* SUPPLIED DATA
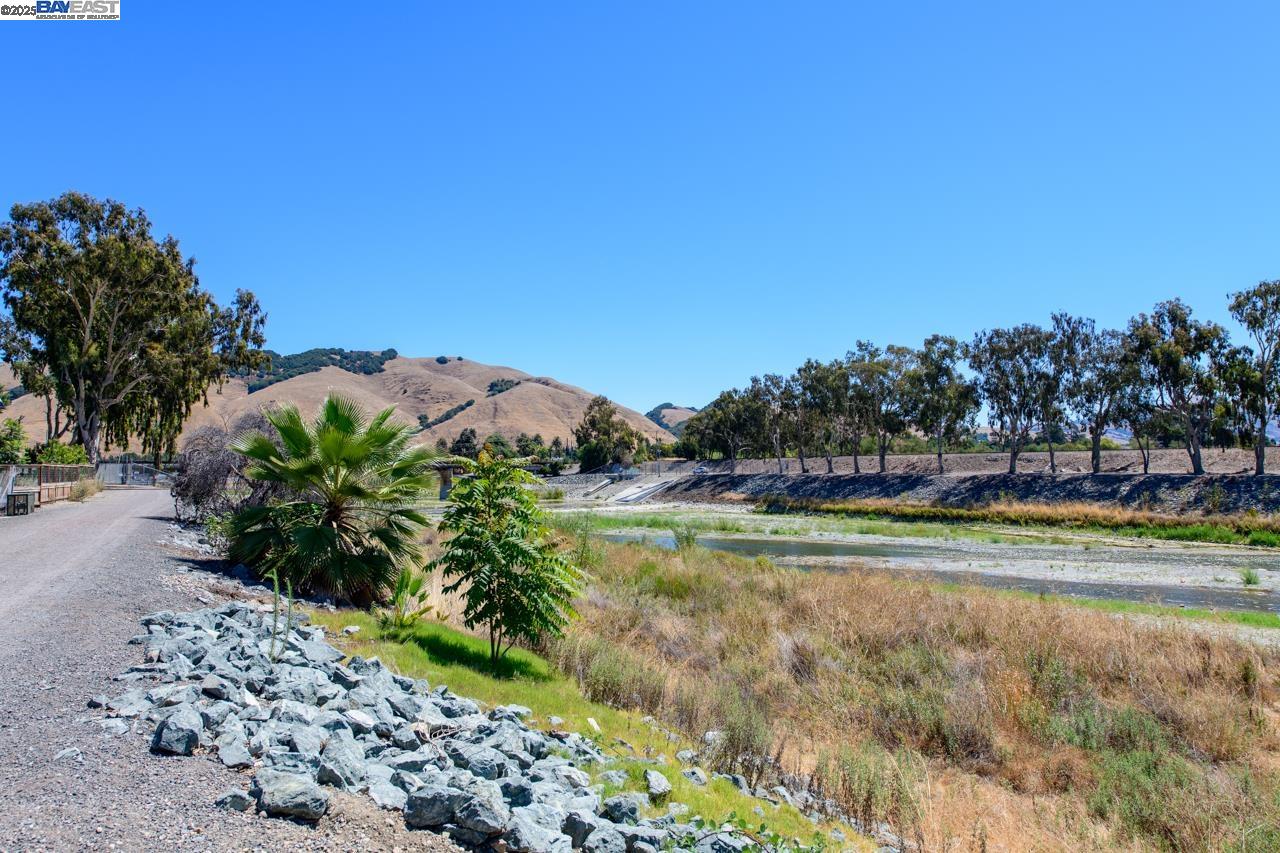 Detail Gallery Image 36 of 36 For 38071 3rd St, Fremont,  CA 94536 - 3 Beds | 2 Baths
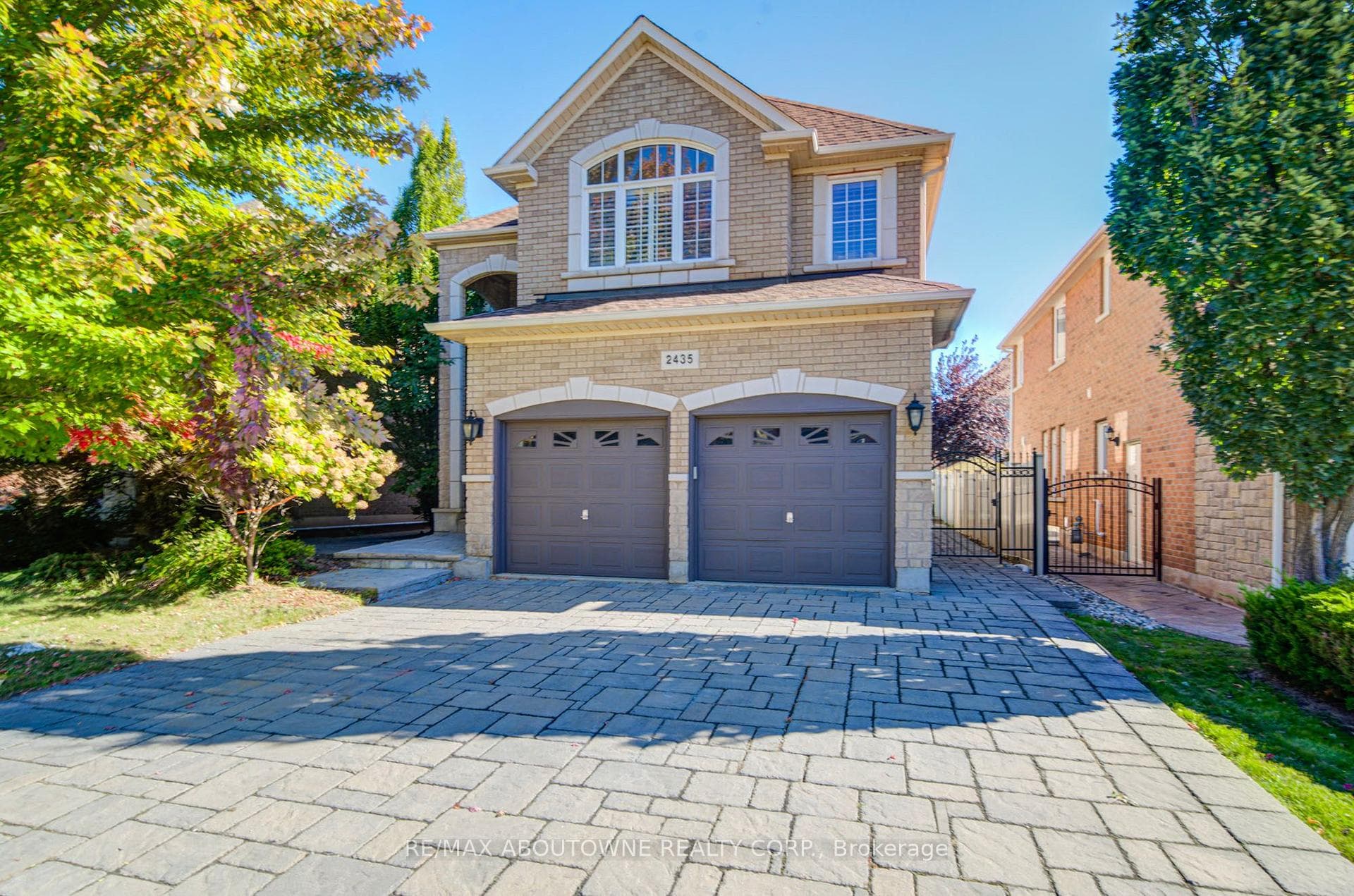 2435 Hertfordshire Way, Oakville, ON L6H 7M8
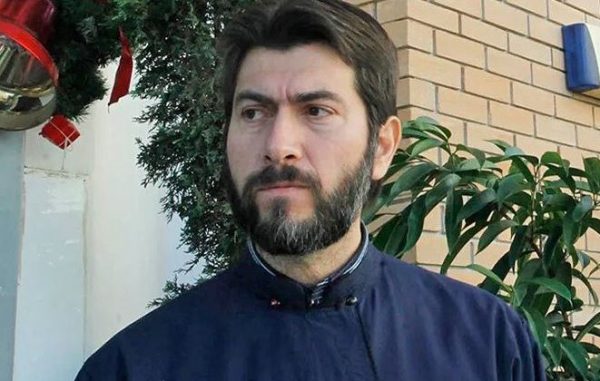 Κιβωτός του Κόσμου: Ο πατήρ Αντώνιος «ξαναχτυπά» μέσα σε λίγες ώρες – Τι απαντά στο τσουνάμι καταγγελιών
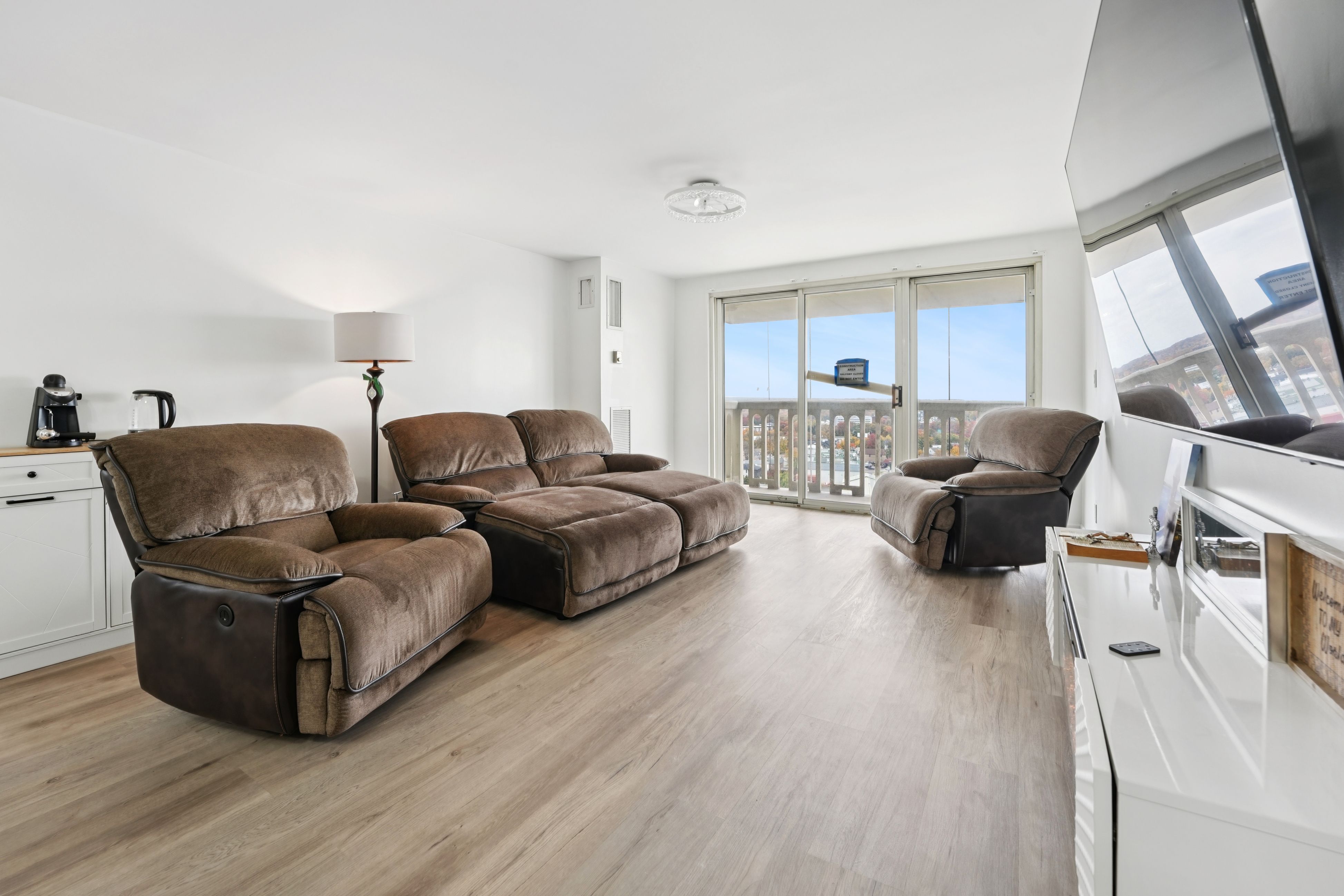 555 North Avenue #22D 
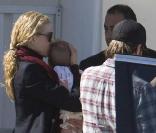 Nicole Kidman, son mari Keith Urban et leur fille Sunday Rose à Sydney, s'apprêtent à prendre l'avion pour Los Angeles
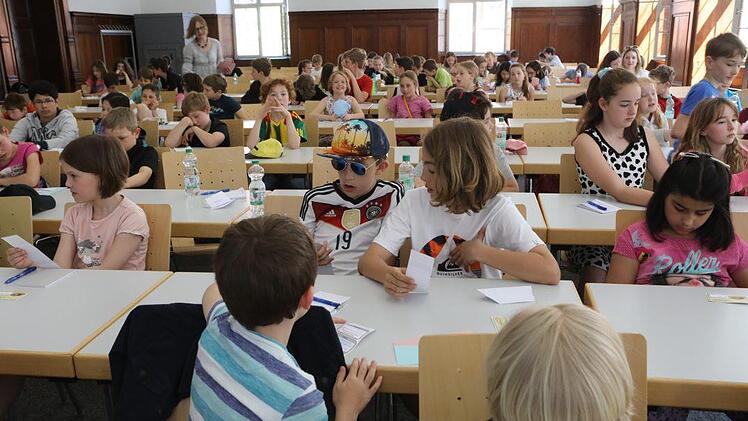 Cordula Artelt untersuchte mit den jungen Studenten an der Kinder-Uni, wie wir zu Meinungen und Einschätzungen kommen. Foto: Barbara Herbst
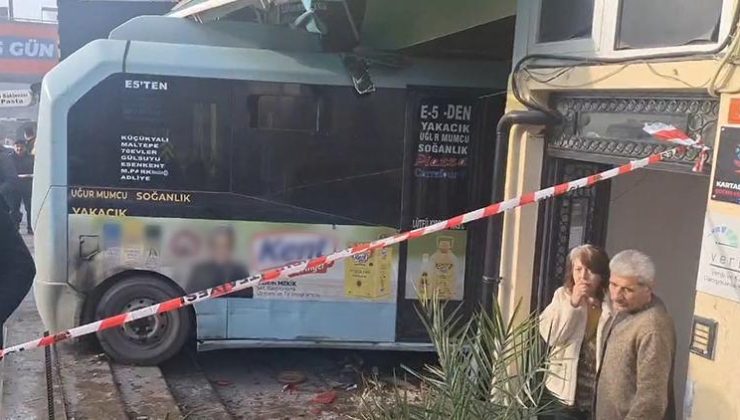 Kartal’da minibüs dükkana girdi, çok sayıda yaralı var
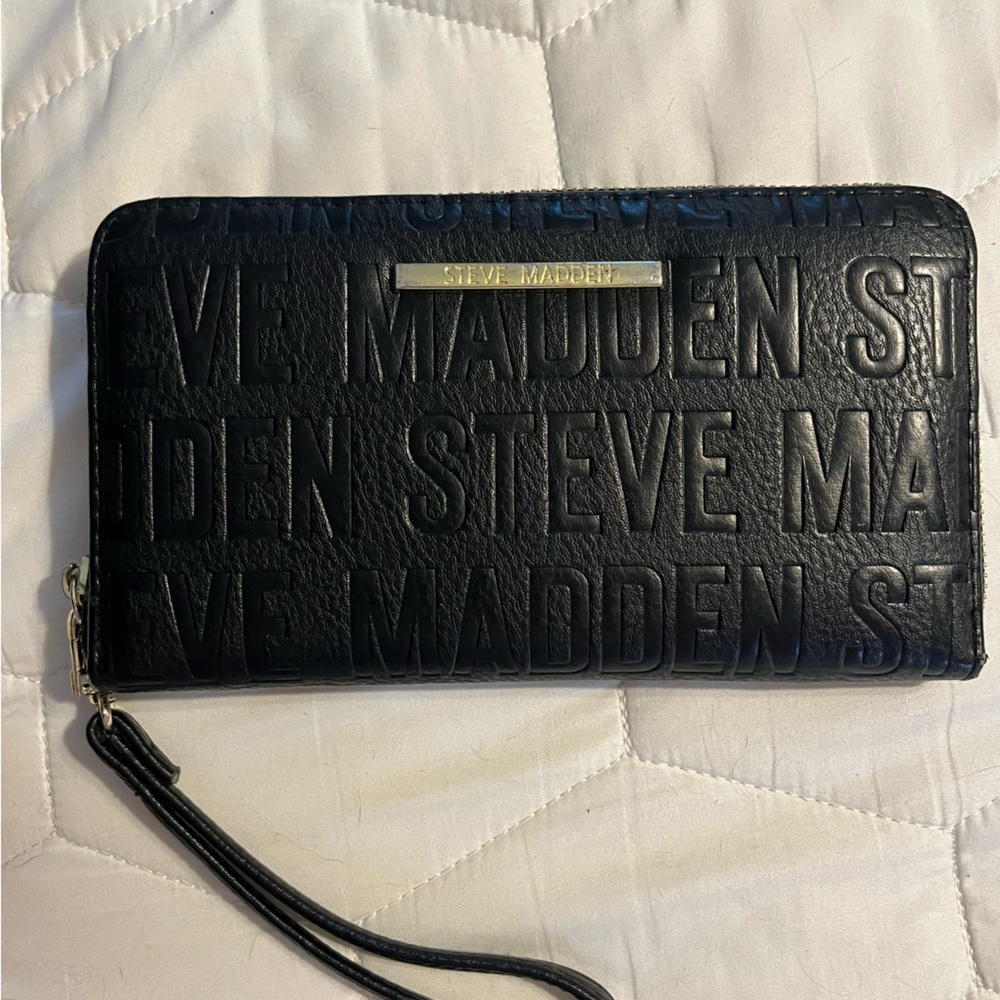 Steve Madden wallet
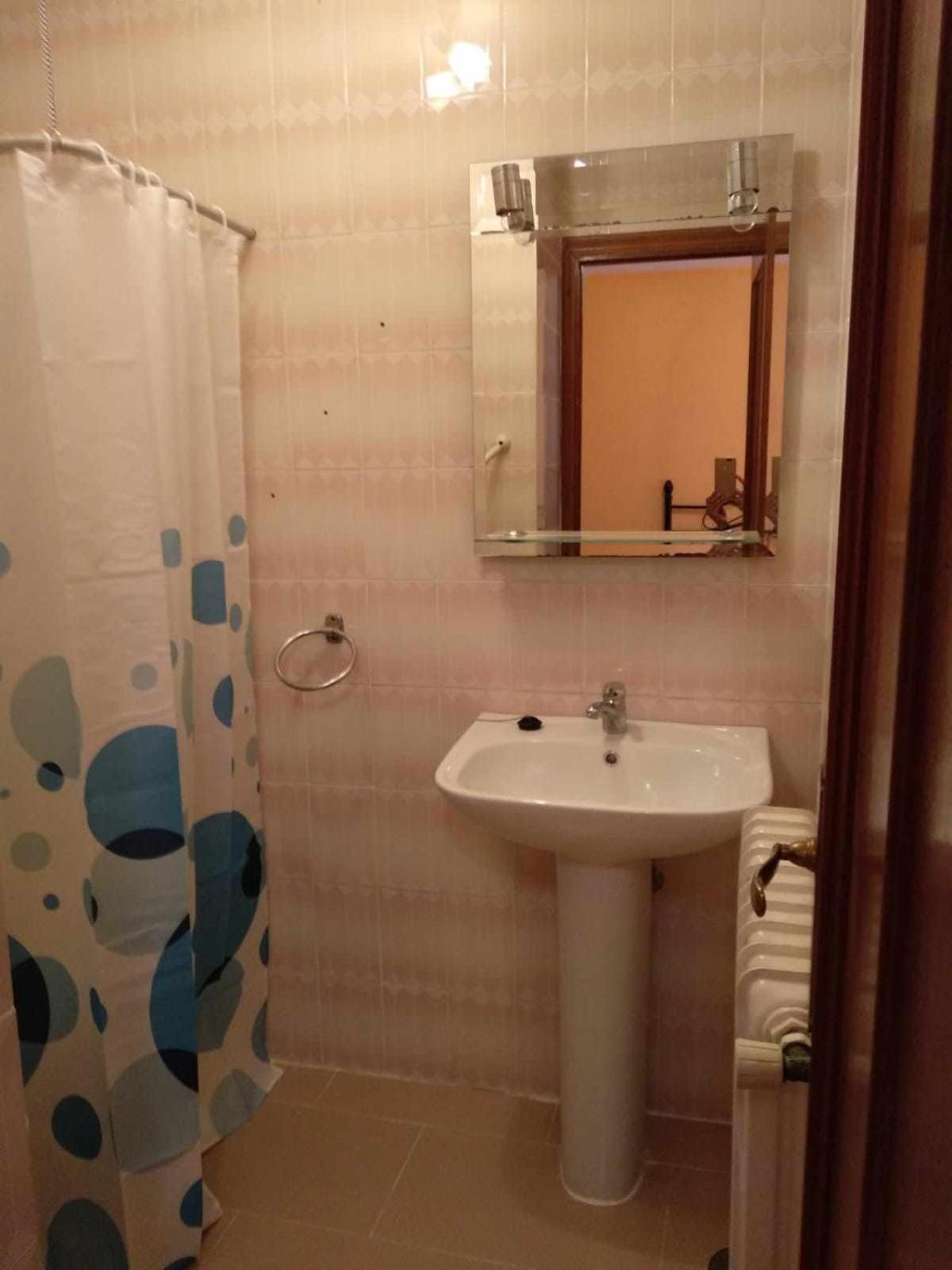 Double Room with Private Bathroom - Photo 14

* EXERCISE DIRECTIONS
After dropping the pictures, please set down the lines from the beginning of the listing through the line containing "555 North Avenue #22D", both included, exactly as they stand.

* TASK SOLUTION
 Detail Gallery Image 36 of 36 For 38071 3rd St, Fremont,  CA 94536 - 3 Beds | 2 Baths
 2435 Hertfordshire Way, Oakville, ON L6H 7M8
 Κιβωτός του Κόσμου: Ο πατήρ Αντώνιος «ξαναχτυπά» μέσα σε λίγες ώρες – Τι απαντά στο τσουνάμι καταγγελιών
 555 North Avenue #22D 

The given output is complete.